15. Databricks

15.1. Column function

from pyspark.sql.functions import col

15.2. Create a datatype schema

from pyspark.sql.types import StructType, StructField, StringType, IntegerType, DoubleType, BooleanType
from pyspark.sql.functions import from_json, unix_timestamp

schema = StructType([
  StructField("channel", StringType(), True),
  StructField("comment", StringType(), True),
  StructField("delta", IntegerType(), True),
  StructField("flag", StringType(), True),
  StructField("geocoding", StructType([                 # (OBJECT): Added by the server, field contains IP address geocoding information for anonymous edit.
    StructField("city", StringType(), True),
    StructField("country", StringType(), True),
    StructField("countryCode2", StringType(), True),
    StructField("countryCode3", StringType(), True),
    StructField("stateProvince", StringType(), True),
    StructField("latitude", DoubleType(), True),
    StructField("longitude", DoubleType(), True),
  ]), True),
  StructField("isAnonymous", BooleanType(), True),      # (BOOLEAN): Whether or not the change was made by an anonymous user
  StructField("isNewPage", BooleanType(), True),
  StructField("isRobot", BooleanType(), True),
  StructField("isUnpatrolled", BooleanType(), True),
  StructField("namespace", StringType(), True),         # (STRING): Page's namespace.

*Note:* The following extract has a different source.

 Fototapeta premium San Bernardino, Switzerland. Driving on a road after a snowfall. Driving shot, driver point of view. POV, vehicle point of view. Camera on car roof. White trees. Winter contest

See https://en.wikipedia.org/wiki/Wikipedia:Namespace
  StructField("page", StringType(), True),              # (STRING): Printable name of the page that was edited
  StructField("pageURL", StringType(), True),           # (STRING): URL of the page that was edited
  StructField("timestamp", StringType(), True),         # (STRING): Time the edit occurred, in ISO-8601 format
  StructField("url", StringType(), True),
  StructField("user", StringType(), True),              # (STRING): User who made the edit or the IP address associated with the anonymous editor
  StructField("userURL", StringType(), True),
  StructField("wikipediaURL", StringType(), True),
  StructField("wikipedia", StringType(), True),         # (STRING): Short name of the Wikipedia that was edited (e.g., "en" for the English)
])

15.3. Start a Stream

For parquet source file:

# TODO
 dataPath = "/mnt/training/asa/flights/2007-01-stream.parquet/"

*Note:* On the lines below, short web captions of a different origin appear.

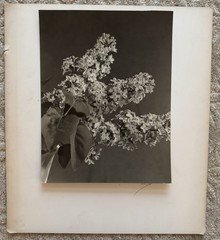 Vtg 40s Black & White Floral Still Flowering Branches Life Photograph Signed NYC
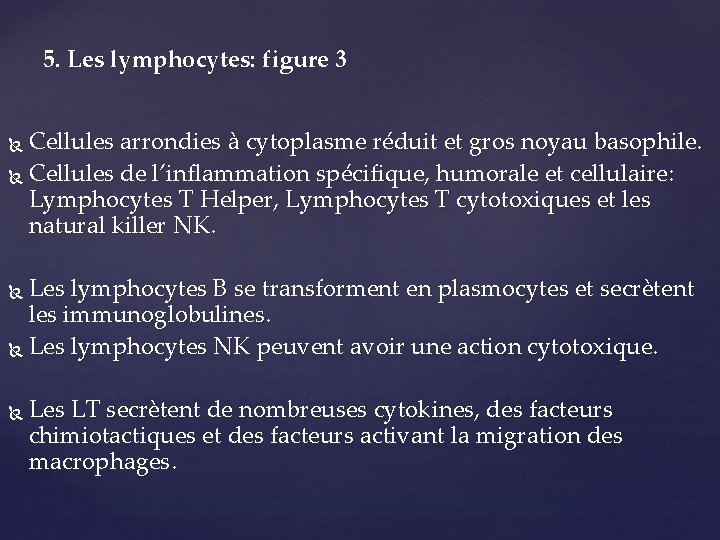 5. Les lymphocytes: figure 3 Cellules arrondies à cytoplasme réduit et gros noyau basophile.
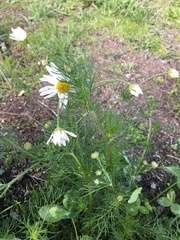 Tripleurospermum inodorum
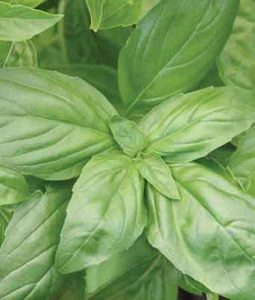 Basil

 parquetSchema = "DepartureAt timestamp, FlightDate string, DepTime string, CRSDepTime string, ArrTime string, " + \
 "CRSArrTime string, UniqueCarrier string, FlightNum integer, TailNum string, ActualElapsedTime string," + \
 " CRSElapsedTime string, AirTime string, ArrDelay string, DepDelay string, Origin string, Dest string, " + \
 "Distance string, TaxiIn string, TaxiOut string, Cancelled integer, CancellationCode string, Diverted integer," + \
 "CarrierDelay string, WeatherDelay string, NASDelay string, SecurityDelay string, LateAircraftDelay string"

 # Configure the shuffle partitions to match the number of cores
 spark.conf.set("spark.sql.shuffle.partitions", sc.defaultParallelism)

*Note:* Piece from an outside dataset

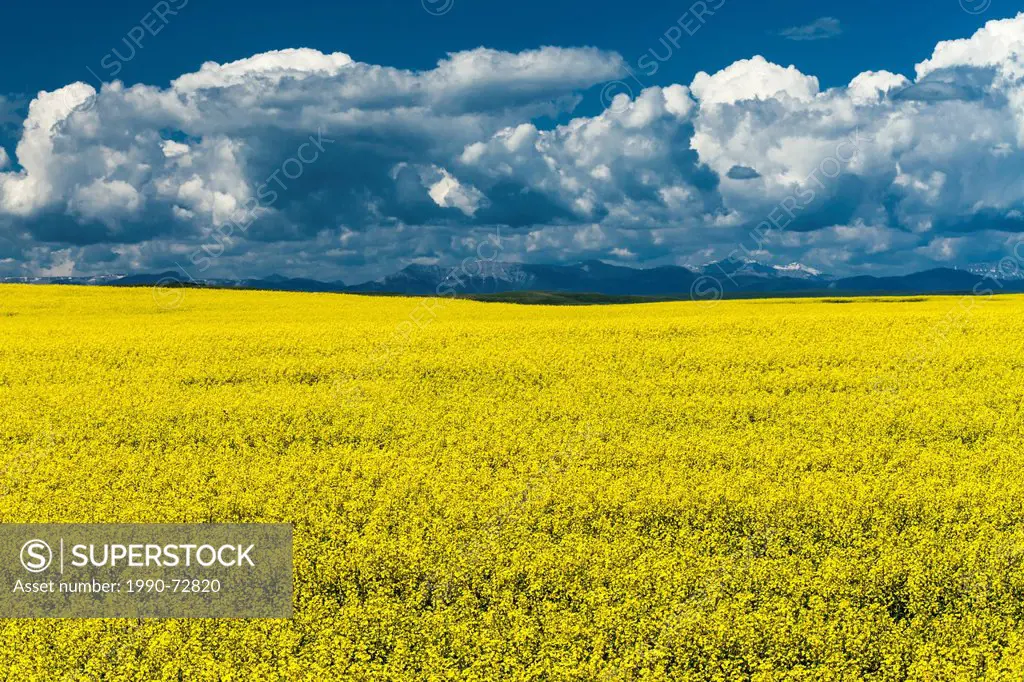 A canola field in bloom in southern Alberta, Canada. The Rocky Mountains are in the backbround.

 streamDF = (spark                   # Start with the SparkSesion
   .readStream                       # Get the DataStreamReader
   .format('parquet')                # Configure the stream's source for the appropriate file type
   .schema(parquetSchema)            # Specify the parquet files' schema
   .option("maxFilesPerTrigger", 1)  # Restrict Spark to processing only 1 file per trigger
   .load(dataPath)                # Load the DataFrame specifying its location with dataPath
 )

15.3.1. Kafka Stream

from pyspark.sql.functions import col
spark.conf.set("spark.sql.shuffle.partitions", sc.defaultParallelism)

kafkaServer = "server1.databricks.training:9092"   # US (Oregon)
# kafkaServer = "server2.databricks.training:9092" # Singapore

editsDF = (spark.readStream                        # Get the DataStreamReader
  .format("kafka")                                 # Specify the source format as "kafka"
  .option("kafka.bootstrap.servers", kafkaServer)  # Configure the Kafka server name and port
  .option("subscribe", "en")                       # Subscribe to the "en" Kafka topic
  .option("startingOffsets", "earliest")           # Rewind stream to beginning when we restart notebook
  .option("maxOffsetsPerTrigger", 1000)            # Throttle Kafka's processing of the streams
  .load()                                          # Load the DataFrame
  .select(col("value").cast("STRING"))             # Cast the "value" column to STRING
)

15.4. Stop Streams

for s in spark.streams.active: # Iterate over all active streams
  s.stop()                     # Stop the stream

15.5. Configure Suffle Partition

Configure the shuffle partitions to match the number of cores

spark.conf.set("spark.sql.shuffle.partitions", sc.defaultParallelism)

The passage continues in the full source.